Roma (amoR) ft. Illya Kuryaki and the Valderramas, tiré de l’album Volver (2017)
Diptyque de Palermo Hollywood comme le surnomme Biolay, Volver est un album fait de métissage. Il y a encore l’Argentine. Cet album se voit comme un chassé-croisé entre Buenos Aires, Rome et Paris. Le fait d’être allé enregistrer à l’étranger a été la base fondatrice de la libération de l’artiste. Là-bas, à Buenos Aires, les mots n’étant pas décortiqués par les musiciens, seule la connexion musicale comptait et çà, cela a aidé Biolay à se lâcher. La référence à l’Italie vient bien sûr de l’amour pour le pays et la culture de son ex-compagne, Chiara, qui apparaît avec sa mère, Catherine Deneuve mais aussi du métissage de la ville de Buenos Aires, elle-même. Biolay comme dans Palermo Hollywood confronte son héritage, sa pop à des ambiances culturelles diverses comme les grands Gainsbourg ou Lavilliers l’ont fait auparavant.

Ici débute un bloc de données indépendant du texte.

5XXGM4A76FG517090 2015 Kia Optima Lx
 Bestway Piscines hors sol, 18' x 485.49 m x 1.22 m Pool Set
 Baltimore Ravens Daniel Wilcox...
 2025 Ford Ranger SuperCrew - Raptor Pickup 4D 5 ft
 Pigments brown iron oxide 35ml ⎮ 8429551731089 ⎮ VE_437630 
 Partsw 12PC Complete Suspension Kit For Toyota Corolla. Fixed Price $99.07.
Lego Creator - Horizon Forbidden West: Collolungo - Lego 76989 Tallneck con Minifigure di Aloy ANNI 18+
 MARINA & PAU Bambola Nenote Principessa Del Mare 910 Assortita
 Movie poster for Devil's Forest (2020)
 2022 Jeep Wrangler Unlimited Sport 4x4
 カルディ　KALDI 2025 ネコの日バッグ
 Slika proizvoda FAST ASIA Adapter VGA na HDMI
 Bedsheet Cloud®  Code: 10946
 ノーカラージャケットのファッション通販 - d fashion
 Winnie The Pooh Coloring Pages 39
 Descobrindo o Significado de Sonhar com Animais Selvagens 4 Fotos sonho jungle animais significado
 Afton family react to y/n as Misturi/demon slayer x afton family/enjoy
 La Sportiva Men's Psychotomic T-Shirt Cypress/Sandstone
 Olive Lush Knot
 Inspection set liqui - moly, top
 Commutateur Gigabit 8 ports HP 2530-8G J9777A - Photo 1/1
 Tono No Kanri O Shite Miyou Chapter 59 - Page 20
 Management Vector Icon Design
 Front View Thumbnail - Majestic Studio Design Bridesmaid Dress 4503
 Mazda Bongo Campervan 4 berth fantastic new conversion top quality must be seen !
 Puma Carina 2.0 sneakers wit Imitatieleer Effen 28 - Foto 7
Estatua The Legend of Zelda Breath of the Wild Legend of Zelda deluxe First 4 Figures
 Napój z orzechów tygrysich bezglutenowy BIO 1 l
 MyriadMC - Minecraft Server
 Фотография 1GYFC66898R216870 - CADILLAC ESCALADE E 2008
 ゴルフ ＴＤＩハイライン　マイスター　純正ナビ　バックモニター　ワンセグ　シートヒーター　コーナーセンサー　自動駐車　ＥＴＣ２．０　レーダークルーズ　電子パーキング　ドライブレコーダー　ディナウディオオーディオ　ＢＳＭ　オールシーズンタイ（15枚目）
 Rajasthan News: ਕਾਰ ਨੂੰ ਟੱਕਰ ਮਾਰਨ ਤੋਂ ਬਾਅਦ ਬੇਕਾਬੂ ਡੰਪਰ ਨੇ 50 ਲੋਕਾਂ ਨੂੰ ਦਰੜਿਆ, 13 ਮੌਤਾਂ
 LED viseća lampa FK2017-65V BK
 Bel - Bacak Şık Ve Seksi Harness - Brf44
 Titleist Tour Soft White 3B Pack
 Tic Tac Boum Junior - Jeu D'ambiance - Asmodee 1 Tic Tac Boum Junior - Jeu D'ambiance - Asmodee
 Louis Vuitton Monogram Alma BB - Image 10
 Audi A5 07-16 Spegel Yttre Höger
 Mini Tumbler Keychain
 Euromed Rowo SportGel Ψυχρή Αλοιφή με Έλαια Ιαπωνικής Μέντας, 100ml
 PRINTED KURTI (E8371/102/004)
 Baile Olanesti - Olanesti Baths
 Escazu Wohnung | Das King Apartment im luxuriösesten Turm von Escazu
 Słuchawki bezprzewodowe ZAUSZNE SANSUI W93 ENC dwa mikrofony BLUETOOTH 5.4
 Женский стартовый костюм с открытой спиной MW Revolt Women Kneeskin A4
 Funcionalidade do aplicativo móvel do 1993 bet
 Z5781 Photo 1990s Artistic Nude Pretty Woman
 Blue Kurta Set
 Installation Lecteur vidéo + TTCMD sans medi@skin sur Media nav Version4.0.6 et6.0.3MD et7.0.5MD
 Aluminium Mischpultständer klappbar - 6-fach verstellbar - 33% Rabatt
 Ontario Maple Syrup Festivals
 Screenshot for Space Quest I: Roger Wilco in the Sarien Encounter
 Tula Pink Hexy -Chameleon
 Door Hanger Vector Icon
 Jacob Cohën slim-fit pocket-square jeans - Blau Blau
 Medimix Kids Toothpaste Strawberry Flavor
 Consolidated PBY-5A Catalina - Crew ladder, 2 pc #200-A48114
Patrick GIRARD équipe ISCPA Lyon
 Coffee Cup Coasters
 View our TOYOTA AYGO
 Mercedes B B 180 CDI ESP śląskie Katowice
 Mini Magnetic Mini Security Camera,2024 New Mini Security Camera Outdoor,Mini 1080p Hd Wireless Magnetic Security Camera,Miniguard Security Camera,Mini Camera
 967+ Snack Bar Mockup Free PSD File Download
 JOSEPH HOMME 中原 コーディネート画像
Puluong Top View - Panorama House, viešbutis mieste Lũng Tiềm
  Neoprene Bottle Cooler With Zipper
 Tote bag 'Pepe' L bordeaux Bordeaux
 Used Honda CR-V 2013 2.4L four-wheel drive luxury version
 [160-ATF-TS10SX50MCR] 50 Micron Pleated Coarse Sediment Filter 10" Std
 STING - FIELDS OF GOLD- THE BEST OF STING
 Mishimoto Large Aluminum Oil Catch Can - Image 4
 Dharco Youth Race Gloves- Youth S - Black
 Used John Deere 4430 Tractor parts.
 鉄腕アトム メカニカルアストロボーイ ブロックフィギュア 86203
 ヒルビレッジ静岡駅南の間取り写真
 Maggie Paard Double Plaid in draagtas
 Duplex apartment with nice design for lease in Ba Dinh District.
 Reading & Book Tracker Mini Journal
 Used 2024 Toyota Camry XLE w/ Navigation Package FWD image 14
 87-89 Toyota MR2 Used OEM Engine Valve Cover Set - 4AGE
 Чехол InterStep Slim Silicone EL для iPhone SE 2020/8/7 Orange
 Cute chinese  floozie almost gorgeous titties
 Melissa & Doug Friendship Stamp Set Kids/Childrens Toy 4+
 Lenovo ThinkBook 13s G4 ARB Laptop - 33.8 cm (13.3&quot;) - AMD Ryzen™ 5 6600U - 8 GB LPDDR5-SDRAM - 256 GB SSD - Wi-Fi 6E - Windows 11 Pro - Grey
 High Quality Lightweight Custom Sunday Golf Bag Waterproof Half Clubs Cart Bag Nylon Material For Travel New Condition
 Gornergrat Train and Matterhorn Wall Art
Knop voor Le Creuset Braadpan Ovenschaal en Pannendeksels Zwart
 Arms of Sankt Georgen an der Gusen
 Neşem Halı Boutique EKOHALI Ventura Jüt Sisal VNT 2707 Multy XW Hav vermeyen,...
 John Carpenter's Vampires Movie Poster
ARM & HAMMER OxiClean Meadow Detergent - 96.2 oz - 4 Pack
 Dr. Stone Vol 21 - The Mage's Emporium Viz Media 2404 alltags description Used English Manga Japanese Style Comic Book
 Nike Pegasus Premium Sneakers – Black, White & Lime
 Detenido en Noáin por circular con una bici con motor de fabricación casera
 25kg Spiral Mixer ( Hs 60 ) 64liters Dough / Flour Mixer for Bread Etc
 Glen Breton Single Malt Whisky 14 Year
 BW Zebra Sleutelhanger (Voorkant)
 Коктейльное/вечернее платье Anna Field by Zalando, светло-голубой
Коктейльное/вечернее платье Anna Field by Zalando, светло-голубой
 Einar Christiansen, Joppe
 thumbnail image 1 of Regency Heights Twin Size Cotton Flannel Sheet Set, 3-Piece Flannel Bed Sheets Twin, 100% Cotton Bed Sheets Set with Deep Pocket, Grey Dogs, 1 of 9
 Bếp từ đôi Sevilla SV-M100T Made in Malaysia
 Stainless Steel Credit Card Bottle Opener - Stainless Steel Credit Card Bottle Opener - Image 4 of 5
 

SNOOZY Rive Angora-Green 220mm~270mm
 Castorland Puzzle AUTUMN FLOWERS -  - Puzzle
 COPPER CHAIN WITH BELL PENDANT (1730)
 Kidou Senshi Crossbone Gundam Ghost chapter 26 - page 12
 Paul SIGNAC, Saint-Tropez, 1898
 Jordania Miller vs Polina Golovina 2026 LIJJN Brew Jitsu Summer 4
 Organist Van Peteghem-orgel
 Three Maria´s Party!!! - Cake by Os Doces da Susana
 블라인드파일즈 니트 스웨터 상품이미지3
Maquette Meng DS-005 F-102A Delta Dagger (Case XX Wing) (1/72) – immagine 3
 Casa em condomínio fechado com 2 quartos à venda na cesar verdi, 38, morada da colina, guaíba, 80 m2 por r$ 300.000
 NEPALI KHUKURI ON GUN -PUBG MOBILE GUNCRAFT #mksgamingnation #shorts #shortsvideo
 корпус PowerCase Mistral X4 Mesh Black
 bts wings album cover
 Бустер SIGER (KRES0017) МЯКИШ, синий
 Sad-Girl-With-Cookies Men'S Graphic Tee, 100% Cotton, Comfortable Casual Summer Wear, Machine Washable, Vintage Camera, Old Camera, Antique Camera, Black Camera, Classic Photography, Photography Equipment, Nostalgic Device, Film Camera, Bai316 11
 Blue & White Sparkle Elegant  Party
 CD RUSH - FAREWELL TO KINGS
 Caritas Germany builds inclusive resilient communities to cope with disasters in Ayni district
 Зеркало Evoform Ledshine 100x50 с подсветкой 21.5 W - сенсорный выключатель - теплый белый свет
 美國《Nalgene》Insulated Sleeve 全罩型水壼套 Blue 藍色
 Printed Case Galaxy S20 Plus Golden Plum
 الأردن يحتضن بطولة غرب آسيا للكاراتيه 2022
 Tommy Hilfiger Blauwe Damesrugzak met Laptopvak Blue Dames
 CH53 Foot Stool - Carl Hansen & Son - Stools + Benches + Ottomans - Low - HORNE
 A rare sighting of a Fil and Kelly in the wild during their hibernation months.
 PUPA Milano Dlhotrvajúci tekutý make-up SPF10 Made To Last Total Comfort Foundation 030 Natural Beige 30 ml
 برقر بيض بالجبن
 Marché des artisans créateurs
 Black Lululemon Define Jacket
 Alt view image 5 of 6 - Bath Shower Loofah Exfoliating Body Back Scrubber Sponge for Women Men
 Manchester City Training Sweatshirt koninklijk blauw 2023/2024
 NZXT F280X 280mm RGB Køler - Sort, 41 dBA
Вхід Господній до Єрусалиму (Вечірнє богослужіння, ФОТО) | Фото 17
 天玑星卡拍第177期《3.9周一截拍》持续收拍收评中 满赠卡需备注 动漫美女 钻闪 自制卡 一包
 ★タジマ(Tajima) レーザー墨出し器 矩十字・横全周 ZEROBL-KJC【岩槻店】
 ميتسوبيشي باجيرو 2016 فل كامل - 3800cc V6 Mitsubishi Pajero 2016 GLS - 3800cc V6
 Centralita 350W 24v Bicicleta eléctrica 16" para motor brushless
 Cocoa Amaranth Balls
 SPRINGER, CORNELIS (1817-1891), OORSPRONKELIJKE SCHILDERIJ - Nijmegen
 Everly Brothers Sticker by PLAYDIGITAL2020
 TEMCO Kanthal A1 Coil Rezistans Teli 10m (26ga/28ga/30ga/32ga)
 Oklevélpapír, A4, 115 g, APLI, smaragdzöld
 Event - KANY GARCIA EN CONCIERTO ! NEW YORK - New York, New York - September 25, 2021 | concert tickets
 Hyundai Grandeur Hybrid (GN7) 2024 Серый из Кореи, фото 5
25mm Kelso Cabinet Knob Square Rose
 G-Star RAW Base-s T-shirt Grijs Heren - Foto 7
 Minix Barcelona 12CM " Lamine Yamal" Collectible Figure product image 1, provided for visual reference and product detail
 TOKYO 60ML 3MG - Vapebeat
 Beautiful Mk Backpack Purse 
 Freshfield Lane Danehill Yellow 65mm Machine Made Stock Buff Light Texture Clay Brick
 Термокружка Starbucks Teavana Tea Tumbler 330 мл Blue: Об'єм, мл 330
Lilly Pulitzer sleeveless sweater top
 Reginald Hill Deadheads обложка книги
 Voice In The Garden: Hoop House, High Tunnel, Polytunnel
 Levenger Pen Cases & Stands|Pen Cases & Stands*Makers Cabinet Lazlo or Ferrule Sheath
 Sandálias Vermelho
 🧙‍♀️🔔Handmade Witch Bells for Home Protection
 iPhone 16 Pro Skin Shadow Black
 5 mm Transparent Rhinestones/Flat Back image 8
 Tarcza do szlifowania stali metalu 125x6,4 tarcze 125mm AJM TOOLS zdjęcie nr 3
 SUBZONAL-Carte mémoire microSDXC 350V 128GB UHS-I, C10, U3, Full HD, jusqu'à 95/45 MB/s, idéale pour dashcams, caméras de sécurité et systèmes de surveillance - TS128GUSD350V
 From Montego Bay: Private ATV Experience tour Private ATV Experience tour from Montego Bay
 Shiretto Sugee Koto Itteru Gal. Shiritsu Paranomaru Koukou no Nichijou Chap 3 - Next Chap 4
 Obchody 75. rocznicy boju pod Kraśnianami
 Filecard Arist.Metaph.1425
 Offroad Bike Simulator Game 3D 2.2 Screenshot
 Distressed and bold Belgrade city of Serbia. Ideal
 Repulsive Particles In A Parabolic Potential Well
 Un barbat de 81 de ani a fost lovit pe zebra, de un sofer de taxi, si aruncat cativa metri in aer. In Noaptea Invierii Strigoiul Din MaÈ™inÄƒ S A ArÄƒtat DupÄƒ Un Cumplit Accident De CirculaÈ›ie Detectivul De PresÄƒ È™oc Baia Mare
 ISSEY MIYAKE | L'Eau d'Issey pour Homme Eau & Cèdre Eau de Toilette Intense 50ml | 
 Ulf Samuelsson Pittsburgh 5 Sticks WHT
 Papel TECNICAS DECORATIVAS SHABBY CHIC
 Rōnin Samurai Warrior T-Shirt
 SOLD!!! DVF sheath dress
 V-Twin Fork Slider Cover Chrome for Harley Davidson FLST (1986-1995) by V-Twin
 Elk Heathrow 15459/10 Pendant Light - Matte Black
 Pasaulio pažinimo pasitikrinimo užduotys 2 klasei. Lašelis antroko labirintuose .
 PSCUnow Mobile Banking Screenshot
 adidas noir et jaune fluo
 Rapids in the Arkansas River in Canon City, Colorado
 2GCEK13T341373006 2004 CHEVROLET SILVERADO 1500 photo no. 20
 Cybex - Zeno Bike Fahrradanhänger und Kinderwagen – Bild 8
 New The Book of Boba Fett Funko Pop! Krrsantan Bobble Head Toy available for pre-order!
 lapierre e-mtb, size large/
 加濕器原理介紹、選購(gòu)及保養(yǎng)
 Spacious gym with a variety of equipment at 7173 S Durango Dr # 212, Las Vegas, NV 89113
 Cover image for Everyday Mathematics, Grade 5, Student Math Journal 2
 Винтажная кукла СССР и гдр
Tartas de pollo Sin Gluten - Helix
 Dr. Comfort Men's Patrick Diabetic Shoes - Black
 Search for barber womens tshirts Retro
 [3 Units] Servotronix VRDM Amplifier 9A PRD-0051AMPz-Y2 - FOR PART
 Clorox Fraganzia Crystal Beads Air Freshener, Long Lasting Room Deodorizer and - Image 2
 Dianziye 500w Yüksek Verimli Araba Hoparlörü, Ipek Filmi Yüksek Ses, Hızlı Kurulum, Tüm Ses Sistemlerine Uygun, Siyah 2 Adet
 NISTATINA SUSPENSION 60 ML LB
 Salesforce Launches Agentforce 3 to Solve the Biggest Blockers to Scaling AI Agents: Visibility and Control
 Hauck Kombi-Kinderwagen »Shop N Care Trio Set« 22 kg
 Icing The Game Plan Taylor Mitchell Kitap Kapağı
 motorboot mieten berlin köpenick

Comment est ta peine ?, tiré de l’album Grand Prix (2020)
Nous sommes à la sortie du premier confinement. La France est restée chez elle pendant des semaines et Grand Prix, avec ce 1er single, Comment est ta peine ? est l’hymne de la libération avec sa pop aux boucles électroniques que Biolay affectionne. Grand Prix, comme son titre l’indique fait référence aux courses automobiles, l’artiste étant passionné par le milieu de la F1. A la mort de Jules Bianchi, Biolay attristé par cette nouvelle, se demande, comment allier ses deux passions. Biolay aime ce milieu considérant les pilotes comme des rockstars, des hommes à la passion extrêmement dévorantes et sacrificielles puisque la mort peut se tapir à chaque tournant. Album concept avec de nombreuses références lexicales au monde de la F1, Biolay continue de creuser ce sillon des albums concepts, un moyen pour lui de sortir de sa zone de confort et éviter la monotonie. C’est peut-être pour cela que cet album est celui de tous les succès, notamment aux Victoires de la musique 2021 (artiste de l’année et album de l’année).
Rends l’amour !, tiré de l’album « Saint Clair » (2022)
Deux ans après le succès de Grand Prix, Saint-Clair s’annonce comme le grand retour de Biolay. L’artiste annonce cet album comme « assez rock avec des ballades très éthérées et très personnelles« . Le premier single dévoilé est Rends l’amour. L’artiste en parle ainsi : j’avais envie d’un hymne, d’un slogan. Et c’est le slogan que j’ai détourné que les miltants écrivent eux-mêmes sur certaines affiches électorales en disant « Rends l’argent ». Chanson d’amour comme seul Biolay sait les faire, Rends l’amour a ce quelque chose d’immédiat, cette immédiateté pop que l’on aime chez lui. Si une grande partie des titres font référence à des saints dont le duo avec Clara Luciani, Santa Clara, ayez confiance, cet album n’a rien de religieux. Pas de plug-in, pas de programmation, que des musiciens, ceux de sa tournée précédente, qui vous perfusent d’une bonne dose de pop-rock avec les mots de Benjamin. De quoi passer une bonne rentrée.